When is having a synced set of observations essential?

  • It's essential for aggregation to function; all observations must be on the time grid.
  • It's essential for a tiny set of plugins, e.g., WattTime. But most plugins don't care about the observations being on a time grid.

Plugins don't need the data snapped to a grid, it's primarily useful for aggregation only.

This is not easy; it has caused several problems and complexities, making writing manifest files unusually hard.

Problem

What determines the time window and durations of a component?

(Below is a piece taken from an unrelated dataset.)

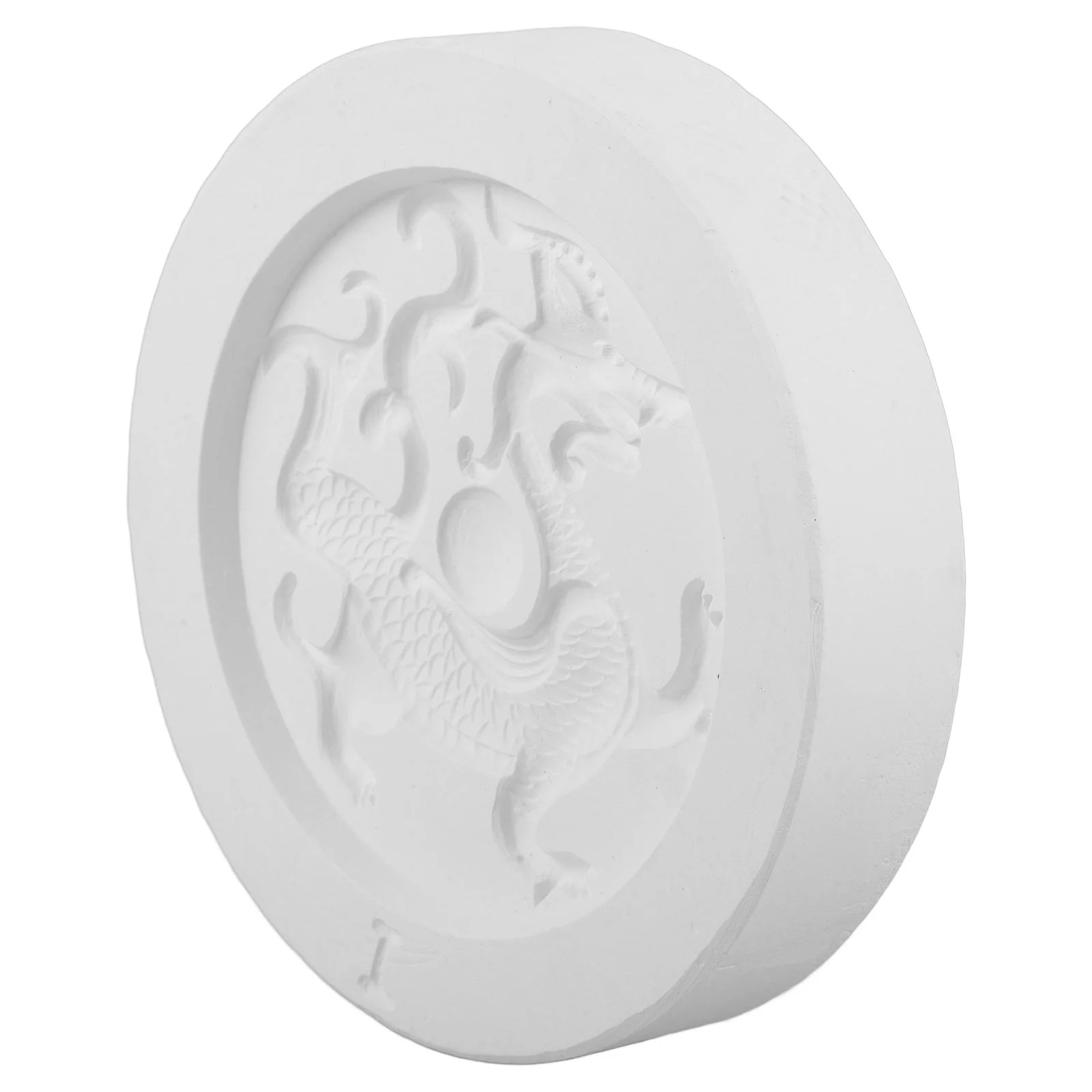 

Molds Ceramic Printing Blank Dragon Casting Gypsum Modeling Pottery Crafting White for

  • The static observations OR the first plugin in the pipeline defines the time window and duration.
  • So, if we want everything on a particular grid, we need to configure every component so the first plugin returns the same time series OR statically add the observations to every component with the same time series.
  • There is the helper TimeSync plugin, but you must be careful where you put it in the pipeline, it can only go in certain places or the manifest errors out - it's tough for the end user to know where to place it in the pipeline intuitively.
  • It is very manual, something you must ensure is aligned for every component. If even one component is off, the whole manifest and aggregation fails.

It's up to the user, component by component, to make sure the observations are snapped to one standard global time grid.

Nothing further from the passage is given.